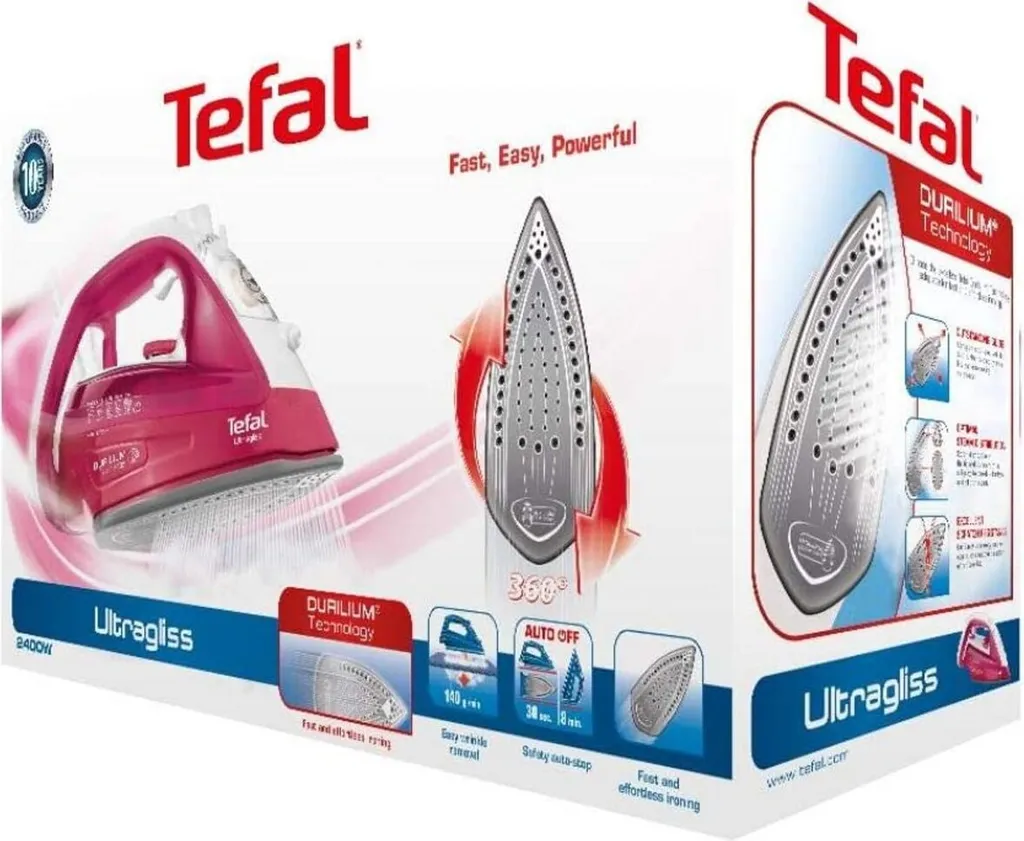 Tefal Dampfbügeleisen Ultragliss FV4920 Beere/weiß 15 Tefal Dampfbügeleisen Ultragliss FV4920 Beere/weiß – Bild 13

---

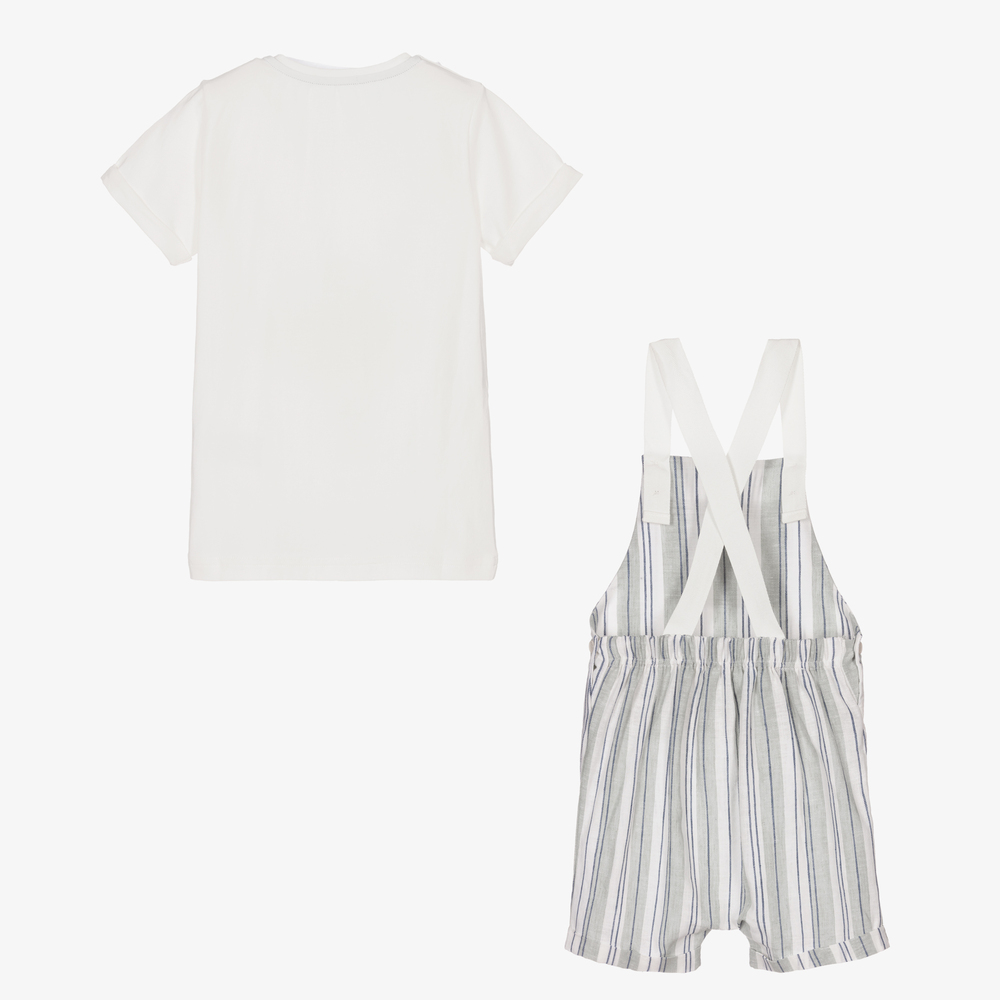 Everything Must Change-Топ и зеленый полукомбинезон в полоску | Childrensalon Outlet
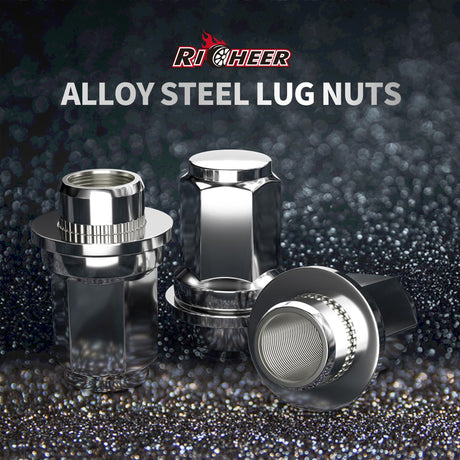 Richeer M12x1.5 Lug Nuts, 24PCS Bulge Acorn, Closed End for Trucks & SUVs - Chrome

==

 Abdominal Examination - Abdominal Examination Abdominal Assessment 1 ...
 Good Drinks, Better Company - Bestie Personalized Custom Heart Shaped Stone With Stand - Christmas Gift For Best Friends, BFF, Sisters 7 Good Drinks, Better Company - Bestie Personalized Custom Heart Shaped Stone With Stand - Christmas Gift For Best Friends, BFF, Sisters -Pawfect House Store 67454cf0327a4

■ What you are asked to do: Using the entries above, reproduce word for word only the lines from the one that contains "Everything Must Change-Топ" to the one that contains "Richeer M12x1.5 Lug", both ends included, and drop every picture.

■ Expected answer:
 Everything Must Change-Топ и зеленый полукомбинезон в полоску | Childrensalon Outlet
 Richeer M12x1.5 Lug Nuts, 24PCS Bulge Acorn, Closed End for Trucks & SUVs - Chrome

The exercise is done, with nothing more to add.